Re: Slow initial boot of OSDs in large cluster with unclean state

"Anthony D'Atri" <aad@xxxxxxxxxxxxxx> · Tue, 7 Jan 2025 13:41:30 -0500

> On our 6000+ HDD OSD cluster (pacific)

That’s the bleeding edge in a number of respects.  Updating to at least Reef would bring various improvements, and I have some suggestions I'd like to*love* to run by you wrt upgrade speed in such a cluster, if you’re using cephadm / ceph orch.  Would also love offline to get a copy of any non-default values you’ve found valuable.

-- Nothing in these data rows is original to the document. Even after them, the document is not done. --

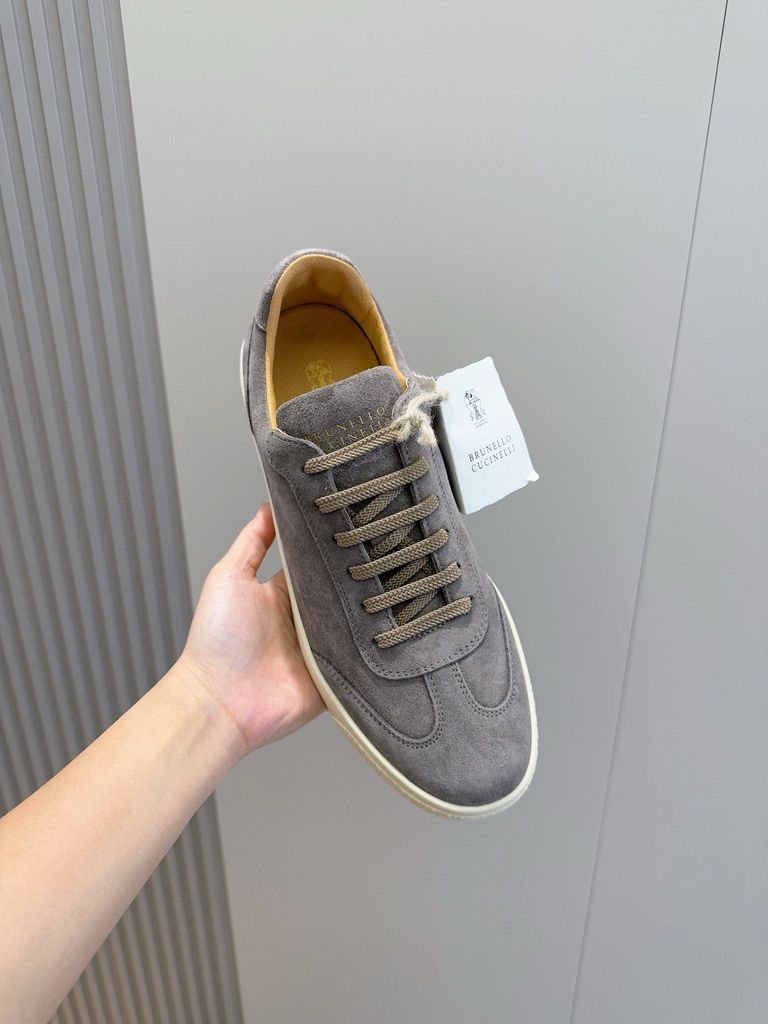 Brunello Cucinelli_4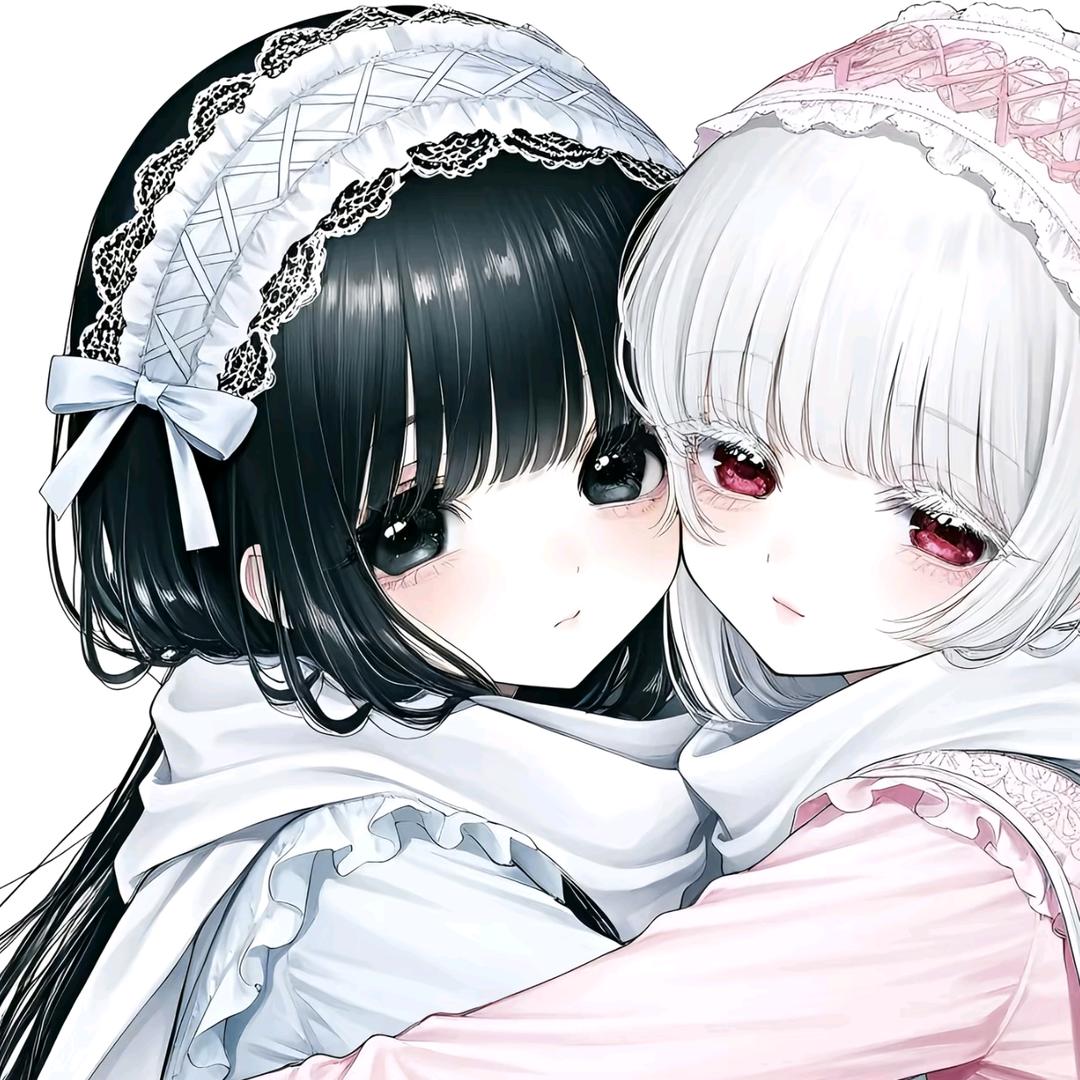 下次一定不破防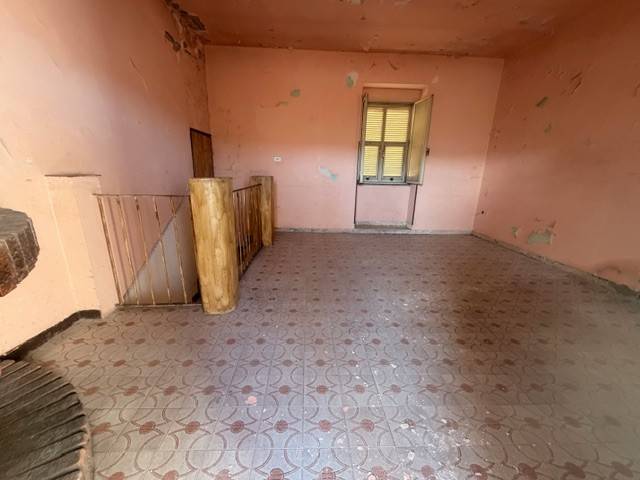 Appartamento a Sorso in Via Castelsardo, 25 - Foto 2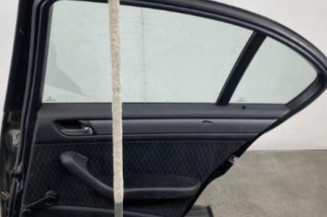 Porte arriere droit BMW SERIE 3 E46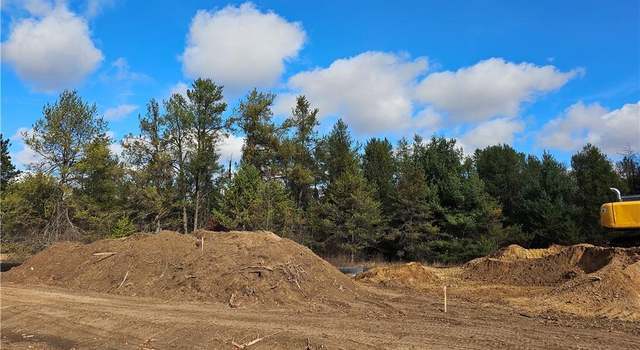 Photo of Lot 16 Legacy Dr, Eau Claire, WI 54703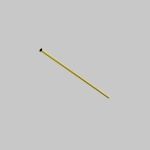 Трековое освещение Maytoni CA001-L500-BS Accessories for system Axity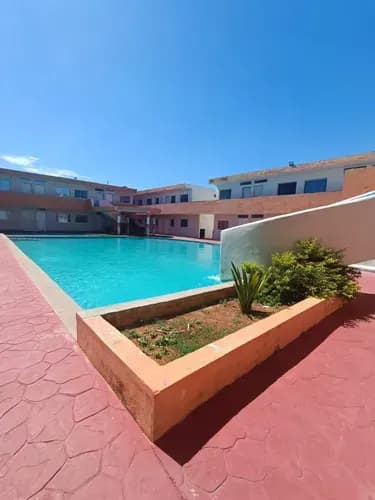 En Venta Apartamento Financiado En Ciudad Flamingo, Villa Milangeli, Chichiriviche Estado Falcón. Jmgb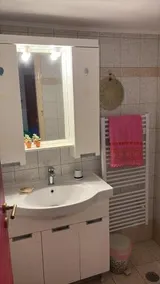 Safe Apartment - Image 4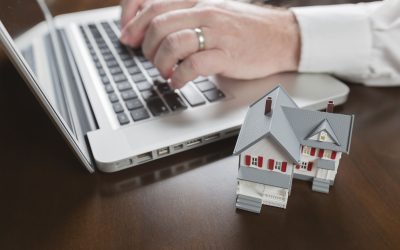 Maximize Your Home Sale Profits with a Flat Fee MLS Listing Arizona Solution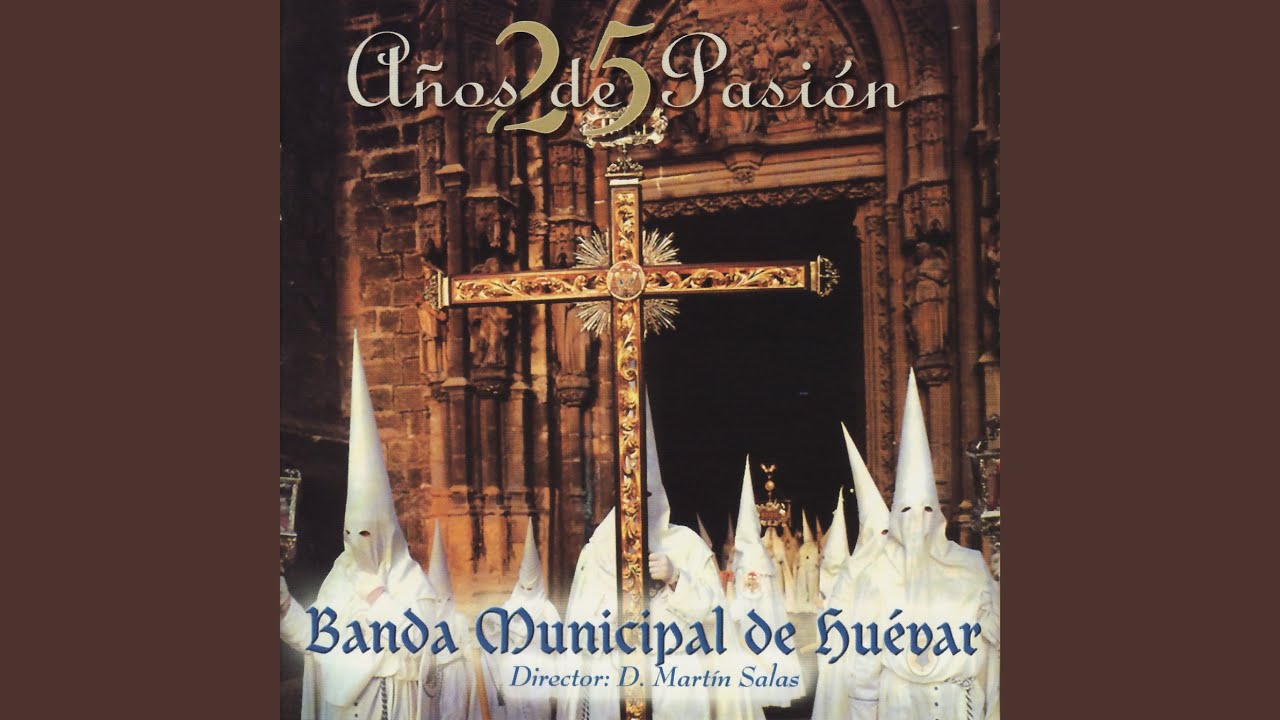 Paloma de Capuchinos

> we've been noticing takes significantly longer for brand new OSDs to go from booting to active when the cluster has been in a state of flux for some time. It can take over an hour for a newly created OSD to be marked up in some cases!

That’s pretty extreme.

> We've just put up with it for some time, but I finally got annoyed enough with it to look into it today...
> 
> Looking at the logs of a new OSD when it's starting:
> 
> 2025-01-07T13:44:05.534+0000 7f0b8b830700  3 osd.2016 5165598 handle_osd_map epochs [5165599,5165638], i have 5165598, src has [5146718,5175990]
> 2025-01-07T13:44:08.988+0000 7f0b8d6ed700 10 osd.2016 5165638  msg say newest map is 5175990, requesting more
> 2025-01-07T13:44:08.990+0000 7f0b8b830700  3 osd.2016 5165638 handle_osd_map epochs [5165639,5165678], i have 5165638, src has [5146718,5175990]
> 2025-01-07T13:44:12.391+0000 7f0b8d6ed700 10 osd.2016 5165678  msg say newest map is 5175990, requesting more
> 2025-01-07T13:44:12.394+0000 7f0b8b830700  3 osd.2016 5165678 handle_osd_map epochs [5165679,5165718], i have 5165678, src has [5146718,5175990]
> 2025-01-07T13:44:16.047+0000 7f0b8d6ed700 10 osd.2016 5165718  msg say newest map is 5175990, requesting more
> 
> It's pulling down OSD maps, 40 at a time, taking about 4 seconds each time. With the ~30,000(!) OSD maps it pulls down, it takes approximately an hour. At ~4MB a map, this then matches up with the ~115GB storage consumed by the resulting OSD with no PGs.
> 
> I realise the obvious answer here is don't leave big cluster in an unclean state for this long.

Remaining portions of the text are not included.